Manual texting is now a crucial tool for political campaigns to reach younger voters and turn out supporters on Election Day, Virginia Public Radio reports.
Victory in Virginia
Democrats up and down the Virginia ballot came away victorious this year, partially due to a sweeping GOTV texting effort by campaigns and outside groups alike. Ralph Northam’s campaign alone sent 1.4 million texts to supporters and likely voters.
These texts provide voters with persuasive messages, polling locations, and can also link to digital content or calendar invites to automatically remind them to vote. Because voters have the ability to text back, campaigns can start one-on-one conversations with voters to discuss the election and why it’s important to vote.
Texting = Engagement
Brad Komar, Northam’s campaign manager, told Virginia Public Radio, “What you need in a good get out the vote tool or tactic is engagement. It’s not passive. It’s active. You need to have a conversation with people. You need to engage them so that they care enough to go and vote on Election Day. Well the beautiful thing about texting is that it’s not mass. It’s individualized.”
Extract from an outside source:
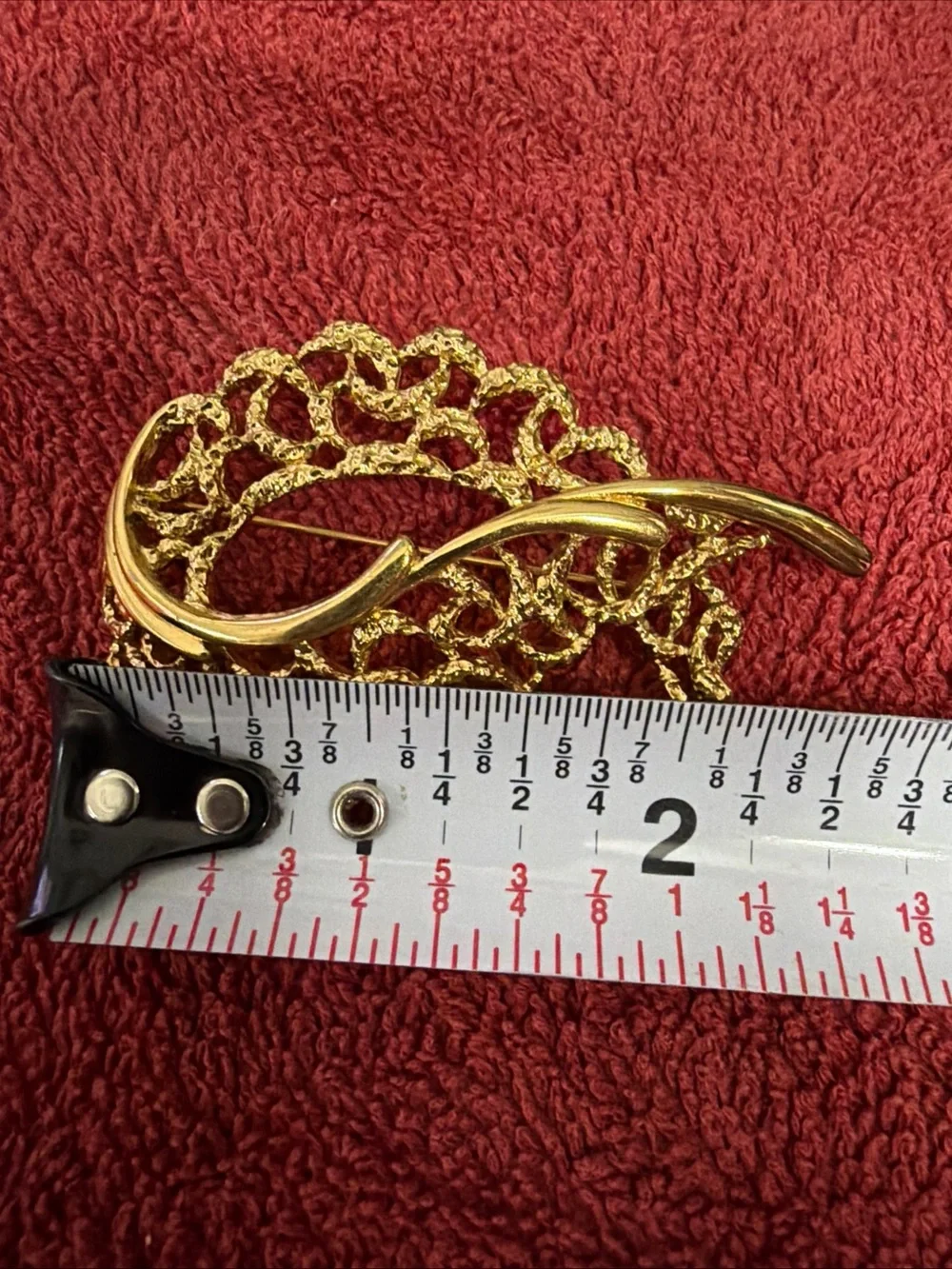Monet Elegant Gold Tone Leaf Filigree Women's Brooch -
Texting helped Democrats win the governor’s mansion, other statewide races, and even House of Delegates seats in reliably red areas. It allows campaigns to take a more active approach in reaching voters with individualized messages instead of expensive, one-size-fits-all TV ads.
Texting Across the Country
But it’s not just Virginia where manual texting made a difference. Stones’ Phones helped local campaigns across the country run texting programs, delivering messages straight to any voter’s pocket.
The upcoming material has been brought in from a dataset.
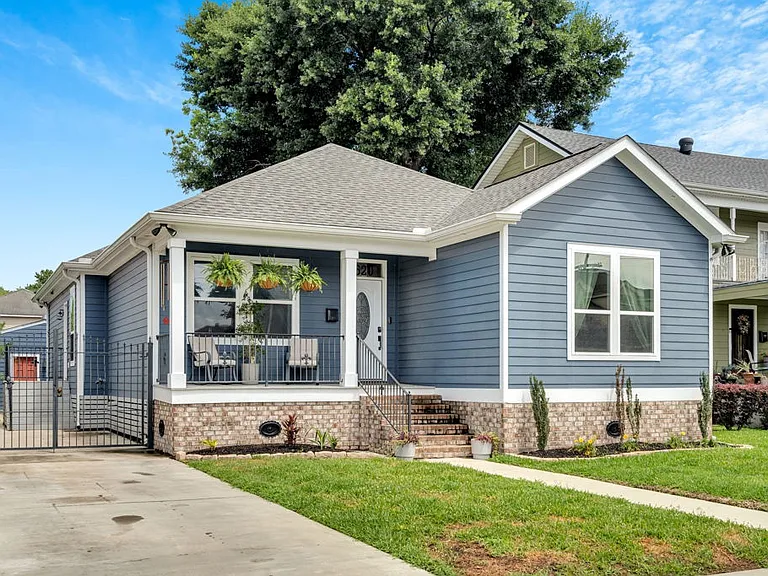 3620 Live Oak St — Photo 2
In Cincinnati, City Councilmember P.G. Sittenfeld used texting to deliver short videos to targeted audiences, coming out as the top vote-getter in his at-large race. In Portland, Stones’ Phones helped the Portland Community College pass a bond renewal measure with a robust texting program to over 40,000 people. The measure easily passed, and manual texting alone boosted voter turnout by up to 1.6%.
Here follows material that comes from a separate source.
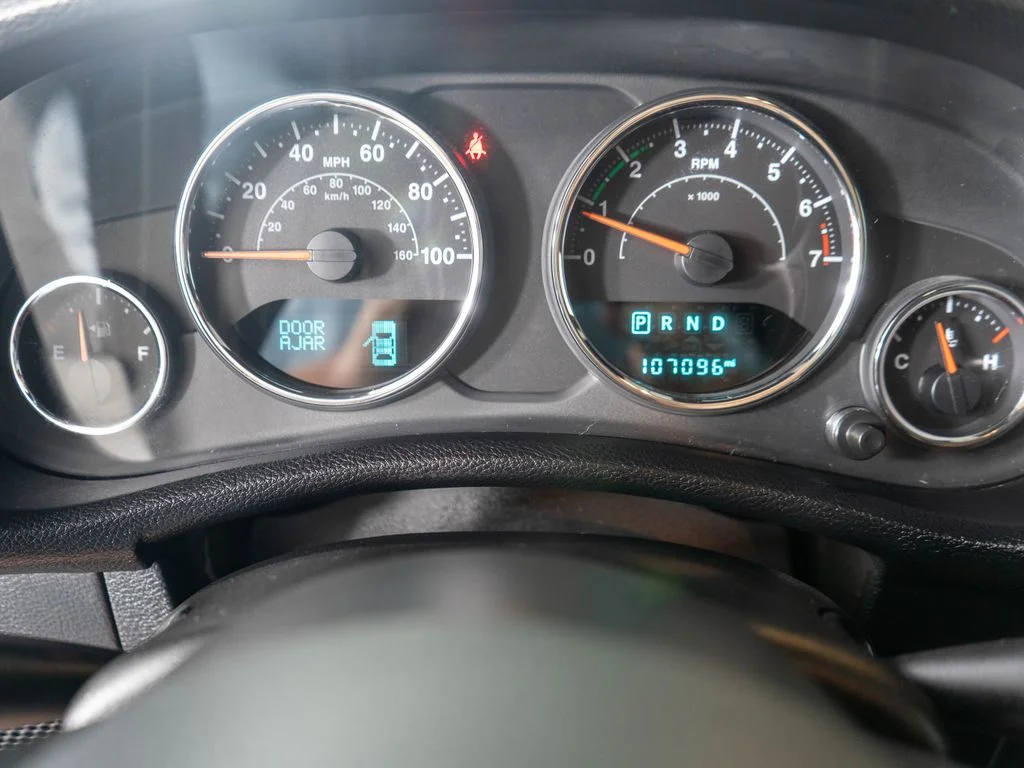 Used 2017 Silver Jeep Unlimited Sport image 17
Lisa Middleton, running in Palm Springs, became California’s first openly transgender elected official when she won a seat on the city council. Stones’ helped the campaign use volunteer-based manual texting app TenMoreVotes to push out thousands of text messages with a small team of just 8 volunteers.
As Quentin Kidd of Christopher Newport University told Virginia Public Radio, “[T]his is going to be a primary way that campaigns encourage people to get out the vote in the future.”